Zulip Chat Archive

Stream: lean4

Topic: advent of code!!!


Huỳnh Trần Khanh (Dec 02 2021 at 10:09):

hey... would you like to do this year's advent of code in lean 4? https://adventofcode.com

Henrik Böving (Dec 02 2021 at 10:21):

I would imagine that at some point the (at the moment) rather rudimentary stdlib might hit its limits but the first few days should definitely be doable.

Mario Carneiro (Dec 02 2021 at 10:38):

obviously the goal is to build the standard library in the process :)

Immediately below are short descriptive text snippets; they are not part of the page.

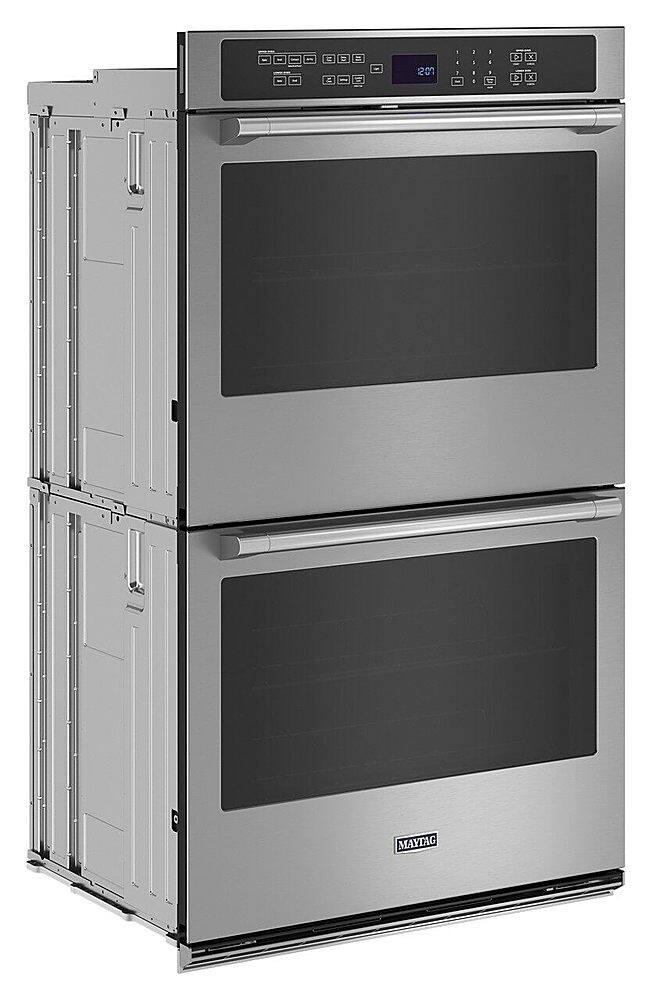 Maytag 30" Double Built-In Electric Convection Wall Oven Stainless MOED6030LZ - Image 5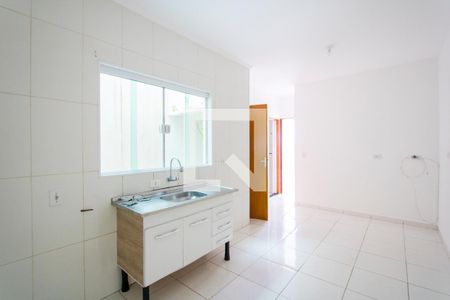 Sala/Cozinha de apartamento à venda com 2 quartos, 47m² em Cidade São Jorge, Santo André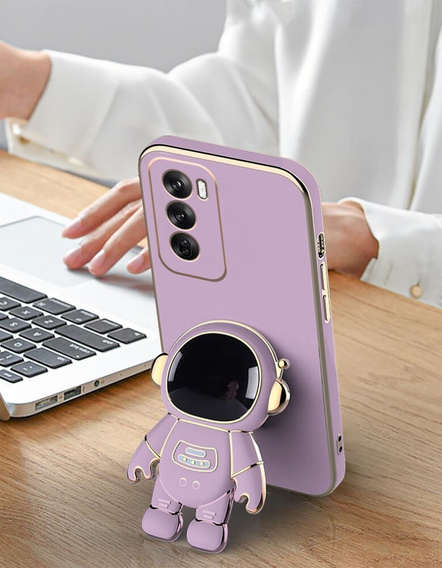 Etui do Oppo Reno 12, Astronaut, fioletowe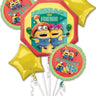 Anagram - Bouquet de 5 Ballons Mylar - Les Minions - Party Shop
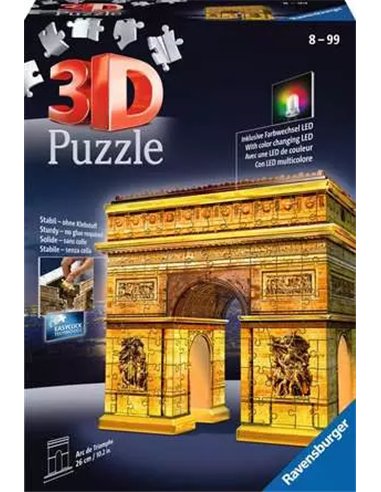 Puzzle 3D arc de triomphe illuminé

Alcides Fonseca (Dec 02 2021 at 11:52):

Huỳnh Trần Khanh said:

hey... would you like to do this year's advent of code in lean 4? https://adventofcode.com

I've been trying to keep up with it: https://github.com/alcides/AoC2021Lean4

I couldn't find the IO documented, so I've looked at the solutions of last year: https://github.com/rwbarton/advent-of-lean-4

I wonder whether the lean4 would be open for PRs regarding the documentation, and if there were any general guidelines regarding expecting quality.

Huỳnh Trần Khanh (Dec 02 2021 at 12:08):

@Alcides Fonseca ah yeah lean4 documentation is like... pretty bare bones at the moment, i assume this is because the devs are still pretty busy developing lean4 itself :joy:

but i think this guide is pretty helpful lol https://agentultra.github.io/lean-4-hackers/

Henrik Böving (Dec 02 2021 at 12:08):

They are in principle open for docs and little tutorials over here: https://github.com/leanprover/lean4/tree/master/doc as noted here https://github.com/leanprover/lean4/blob/master/CONTRIBUTING.md#documentation

Henrik Böving (Dec 02 2021 at 12:09):

My approach for if I want to know something about Lean 4 at the moment is to just look how the stdlib/compiler does stuff by reading the source code really, I've found most of it to be quite understandable.

Mac (Dec 02 2021 at 13:37):

Here is a little snippet of code I wrote a while back that makes working with File I/O a little easier. It may be of use inn tasks like these:

import Std.Data.HashSet

open Std System

partial def forEachLine
(h : IO.FS.Handle) (init : α) (f : String  α  IO (ForInStep α)) : IO α := do
  let rec loop a := do
    match ( f ( h.getLine) a) with
    | ForInStep.done a  => pure a
    | ForInStep.yield a => loop a
  loop init

instance : ForIn IO IO.FS.Handle String where
  forIn := forEachLine

instance : ForIn IO FilePath String where
  forIn path init f := do
    let h  IO.FS.Handle.mk path IO.FS.Mode.read false
    forEachLine h init f

/- Print the common lines between two files. -/
def comm (file1 : FilePath) (file2 : FilePath) : IO PUnit := do
  let mut lines := HashSet.empty
  for line in file1 do
    lines := lines.insert line
  for line in file2 do
    if lines.contains line then
      IO.print line

Mac (Dec 02 2021 at 13:38):

With the two ForIn instances you can just use for ... in to iterate over the lines in a file! :)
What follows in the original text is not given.